Imagine skin stripped from flesh. Imagine only the muscles and tendons and fascia beneath, sinewy and strong, revealing and raw. For a couple of metres from her roots up, that’s what she reminds me of: a body exposed to its essentials. For years, for decades, for as long as she has been able to withstand their weight, the sycamore tree under which I spend an afternoon has been on the receiving end of the love of elephants. They have rubbed themselves against her, marking their scents and scratching their itches, and peeling her of her outer layers in the process.

“Come,” says Alek, calling me over. “Charge your glass, we’re walking to Zimbabwe.”
And we do – almost. All the kids and half the adults. The rest stay behind, their shoes discarded, their chairs slowly sinking into the sand. Two-thirds across, Willem calls it. “We better not go any further, Bob’s got guys patrolling this border and they’ll lock us up no problem.” We wander back, our tracks merging with those of the baboons, buck and other beasts that cross this stretch of no man’s land every day. We marvel at the surreality of the situation. I am all delight.


In the four game drives I go on during my three days in Botswana, the richest reward is not what I do see – elephants of every size, elephants in the distance, elephants right up close, elephants in the dark, lit by the the moon and the edges of spotlights and viewed with bated breath; giraffe in all their awkward elegance; five baby jackal pups; two African wild cats; a civet – but rather what I don’t see. People. Vehicles. None at all.
We are immensely alone. The solitude stuns me.

The camp we sleep in is miles from anywhere and virtually fenceless.
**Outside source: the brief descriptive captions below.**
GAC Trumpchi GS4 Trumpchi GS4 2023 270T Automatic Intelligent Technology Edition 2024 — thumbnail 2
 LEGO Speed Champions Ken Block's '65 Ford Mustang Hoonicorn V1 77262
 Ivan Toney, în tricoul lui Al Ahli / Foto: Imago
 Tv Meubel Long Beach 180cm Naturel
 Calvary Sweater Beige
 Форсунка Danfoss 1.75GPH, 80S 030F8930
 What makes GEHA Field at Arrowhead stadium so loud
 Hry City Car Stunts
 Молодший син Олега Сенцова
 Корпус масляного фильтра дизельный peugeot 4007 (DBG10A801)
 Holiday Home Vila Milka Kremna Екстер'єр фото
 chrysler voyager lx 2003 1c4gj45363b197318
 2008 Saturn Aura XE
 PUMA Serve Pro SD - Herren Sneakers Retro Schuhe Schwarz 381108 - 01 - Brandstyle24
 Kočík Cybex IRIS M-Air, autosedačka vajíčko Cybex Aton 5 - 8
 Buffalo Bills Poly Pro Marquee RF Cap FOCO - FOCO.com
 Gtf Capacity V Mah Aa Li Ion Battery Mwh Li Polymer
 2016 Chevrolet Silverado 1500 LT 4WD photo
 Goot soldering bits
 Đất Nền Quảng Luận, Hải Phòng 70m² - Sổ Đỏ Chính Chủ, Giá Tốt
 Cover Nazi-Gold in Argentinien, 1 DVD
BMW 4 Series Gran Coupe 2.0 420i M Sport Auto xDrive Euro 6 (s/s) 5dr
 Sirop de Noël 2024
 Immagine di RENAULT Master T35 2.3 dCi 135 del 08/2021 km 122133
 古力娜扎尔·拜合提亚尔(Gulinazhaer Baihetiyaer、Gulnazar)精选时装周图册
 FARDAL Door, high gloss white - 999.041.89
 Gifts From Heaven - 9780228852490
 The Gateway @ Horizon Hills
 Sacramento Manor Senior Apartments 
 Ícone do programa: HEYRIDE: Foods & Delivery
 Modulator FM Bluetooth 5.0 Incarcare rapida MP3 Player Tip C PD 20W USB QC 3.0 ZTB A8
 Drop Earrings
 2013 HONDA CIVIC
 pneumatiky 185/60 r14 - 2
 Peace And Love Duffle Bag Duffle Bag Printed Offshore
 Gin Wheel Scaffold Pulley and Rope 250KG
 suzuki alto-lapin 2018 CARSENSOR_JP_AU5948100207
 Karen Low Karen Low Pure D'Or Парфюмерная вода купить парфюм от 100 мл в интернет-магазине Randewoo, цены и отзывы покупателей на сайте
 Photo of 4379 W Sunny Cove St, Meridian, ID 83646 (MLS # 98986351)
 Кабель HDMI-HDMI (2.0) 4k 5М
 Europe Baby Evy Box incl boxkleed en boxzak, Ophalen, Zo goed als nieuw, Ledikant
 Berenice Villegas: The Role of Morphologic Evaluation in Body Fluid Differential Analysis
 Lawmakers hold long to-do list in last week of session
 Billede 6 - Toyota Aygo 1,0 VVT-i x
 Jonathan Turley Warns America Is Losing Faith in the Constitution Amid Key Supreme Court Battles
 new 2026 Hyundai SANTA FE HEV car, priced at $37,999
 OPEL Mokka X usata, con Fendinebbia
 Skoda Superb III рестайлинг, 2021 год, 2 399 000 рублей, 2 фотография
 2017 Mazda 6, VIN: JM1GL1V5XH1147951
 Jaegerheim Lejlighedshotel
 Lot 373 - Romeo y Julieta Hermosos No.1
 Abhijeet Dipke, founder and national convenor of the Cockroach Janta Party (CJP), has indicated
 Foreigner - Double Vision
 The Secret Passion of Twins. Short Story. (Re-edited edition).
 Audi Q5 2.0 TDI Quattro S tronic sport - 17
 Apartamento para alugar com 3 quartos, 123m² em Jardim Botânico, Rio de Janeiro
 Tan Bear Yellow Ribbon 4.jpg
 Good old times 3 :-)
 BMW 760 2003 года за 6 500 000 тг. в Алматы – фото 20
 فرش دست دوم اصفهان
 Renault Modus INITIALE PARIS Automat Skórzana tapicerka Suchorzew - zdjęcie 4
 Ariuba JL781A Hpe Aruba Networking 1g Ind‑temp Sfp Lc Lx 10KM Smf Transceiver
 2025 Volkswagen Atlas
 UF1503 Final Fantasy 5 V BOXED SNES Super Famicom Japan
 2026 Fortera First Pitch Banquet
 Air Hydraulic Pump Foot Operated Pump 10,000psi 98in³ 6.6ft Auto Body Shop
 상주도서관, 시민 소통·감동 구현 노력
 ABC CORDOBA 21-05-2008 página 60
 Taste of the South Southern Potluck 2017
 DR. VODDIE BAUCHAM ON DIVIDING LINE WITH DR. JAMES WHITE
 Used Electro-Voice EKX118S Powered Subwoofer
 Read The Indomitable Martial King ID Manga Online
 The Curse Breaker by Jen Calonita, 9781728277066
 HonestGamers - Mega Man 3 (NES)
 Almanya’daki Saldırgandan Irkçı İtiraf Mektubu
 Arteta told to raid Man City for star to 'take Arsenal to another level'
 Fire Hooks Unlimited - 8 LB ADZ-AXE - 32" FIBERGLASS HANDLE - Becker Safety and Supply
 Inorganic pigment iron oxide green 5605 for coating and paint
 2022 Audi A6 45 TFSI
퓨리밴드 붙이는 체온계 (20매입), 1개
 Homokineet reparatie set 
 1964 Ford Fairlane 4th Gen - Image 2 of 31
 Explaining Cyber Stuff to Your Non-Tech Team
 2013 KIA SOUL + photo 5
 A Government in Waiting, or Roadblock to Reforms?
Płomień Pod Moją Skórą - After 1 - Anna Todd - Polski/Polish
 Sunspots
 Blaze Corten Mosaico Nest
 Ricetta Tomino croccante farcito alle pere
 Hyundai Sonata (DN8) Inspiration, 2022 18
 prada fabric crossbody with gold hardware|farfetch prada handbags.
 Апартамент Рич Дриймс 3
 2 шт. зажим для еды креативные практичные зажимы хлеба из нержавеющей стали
What fences it does have are made of old wooden poles and weak wire a child could push over, let alone an elephant of several tonnes. This little collection of thatch huts and an entirely open-skied bathroom has no electricity at all, and has had its share of said elephants walk through it before – lion and hyena, too. We opt for tent over hut, and wake in the late night to the bush’s squawking and screeching and, in the morning, to an unbridled orange glow through the grass.

And, after our afternoon beneath the sycamore, we journey to watch the sunset from the tree closest to my heart: a baobab. One that lives with arms wide open.
Such a beautiful story, dear Cassidy. i hope you will put these all together one day, into a big book .
Aaaah, my African heart!! You are SO talented hon – I could feel every step, smell the Ellies almost, and FEEEEL that absolutely magnificent Sycamore tree’s ‘vibe’ – that pic is STUNNING!! CONGRATULATIONS
I grew up in Zimbabwe (Southern Rhodesia in the olden days) and your words are magical. Thank you for being.
My tree too … the baobab – with arms wide open. A wonderful song by Creed as well. Keep writing your inspirational words. You also live with arms wide open!